Additionally, the heat generating element may be attached to the
enclosure at the optic receiving section. Furthermore, the optic
may be carried by the enclosure at the optic receiving section. In
such embodiments, the base member may be generally circular, the
attaching member may be generally annular, and the optic may be
generally circular and may have a generally concave geometry.
Moreover, in some embodiments, the enclosure may include a wire
portal having an aperture and a sealing member.
[0013] The fluid flow generator may generate a fluid flow within
the enclosure such that the fluid transfers thermal energy from the
heat sink to the enclosure. In some embodiments, the fluid flow
generator may include a micro-blower. The fluid flow generator may
create a fluid flow with a variable rate, wherein the fluid flow
rate varies with the thermal energy of the heat generating
element.
[0014] The system, according to an embodiment of the present
invention, may advantageously maintain a portion of the electrical
device at a thermal equilibrium. The various elements of the system
may be configured towards maintaining the thermal equilibrium. In
some embodiments, the thermal equilibrium may be 25 degrees
Celsius.
[0015] In another embodiment, the present invention may be provided
by a lighting fixture comprising an electronic lighting apparatus
including a light source, a heat sink adjacent the light source, a
fluid flow generator, and a support. The support may be attached at
one end to the fluid flow generator and at a second end to the heat
sink, thereby offsetting the fluid flow generator from the heat
sink.
[0016] Embodiments of the present invention may further include an
enclosure disposed about the electronic lighting apparatus,
defining an interior volume as an enclosed area. The electronic
lighting apparatus may be carried by the enclosure and at least
partially within the enclosed area. Furthermore, the electronic
lighting apparatus may interface with the enclosure to form a seal
about the enclosed area, thereby confining a fluid to the interior
volume.
[0017] The present invention may also include a method for using
any of the devices described hereinabove. The method may include
the steps of operating the light source and actuating the fluid
flow generator to create a fluid flow. The method may further
comprise the steps of determining an approximate thermal output of
the light source, determining an approximate fluid flow rate
necessary to maintain a temperature of at least a portion of the
light source within a temperature range, and actuating the fluid
flow generator at a rate sufficient to generate the determined
fluid flow rate.
BRIEF DESCRIPTION OF THE DRAWINGS
[0018] FIG. 1A is an exploded perspective view of an electric
device according to an embodiment of the present invention
including an enclosure.
[0019] FIG. 1B is an assembled, profile view of the electrical
device depicted in FIG. 1A.
[0020] FIG. 2 is an exploded perspective view of a lighting
apparatus according to an embodiment of the present invention.
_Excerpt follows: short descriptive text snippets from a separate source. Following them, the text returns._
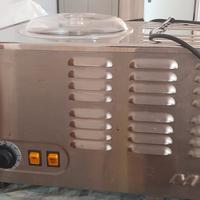  gelatiera professionale 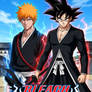 Bleach: Thinmasuke Zigashikata (me)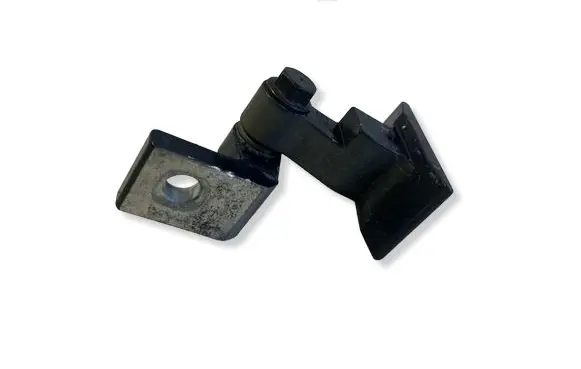 BMW 1 F20 F21 Front door upper hinge 7246065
[0021] FIG. 3 is a perspective view of a light emitting diode (LED)
package of the lighting apparatus illustrated in FIG. 2.
[0022] FIG. 4 is a perspective view of a heat sink of the lighting
apparatus illustrated in FIG. 2.
[0023] FIG. 5 is a perspective view of an enclosure of the lighting
apparatus illustrated in FIG. 2.
[0024] FIG. 6 is a perspective view of an optic of the lighting
apparatus illustrated in FIG. 2.
[0025] FIG. 7 is a cross sectional view of the electrical device
illustrated in FIG. 1B taken through line 7-7.
DETAILED DESCRIPTION OF THE PREFERRED EMBODIMENT
[0026] The present invention will now be described more fully
hereinafter with reference to the accompanying drawings, in which
preferred embodiments of the invention are shown. This invention
may, however, be embodied in many different forms and should not be
construed as limited to the embodiments set forth herein. Rather,
these embodiments are provided so that this disclosure will be
thorough and complete, and will fully convey the scope of the
invention to those skilled in the art. Those of ordinary skill in
the art realize that the following descriptions of the embodiments
of the present invention are illustrative and are not intended to
be limiting in any way. Other embodiments of the present invention
will readily suggest themselves to such skilled persons having the
benefit of this disclosure. Like numbers refer to like elements
throughout.
[0027] In this detailed description of the present invention, a
person skilled in the art should note that directional terms, such
as "above," "below," "upper," "lower," and other like terms are
used for the convenience of the reader in reference to the
drawings. Also, a person skilled in the art should notice this
description may contain other terminology to convey position,
orientation, and direction without departing from the principles of
the present invention.
[0028] Referring now to FIGS. 1A-2, an electrical device 10
operable to dissipate heat according to an embodiment of the
present invention is now described in greater detail. Throughout
this disclosure, the electrical device 10 may also be referred to
as a device, lighting device, light fixture, or the invention.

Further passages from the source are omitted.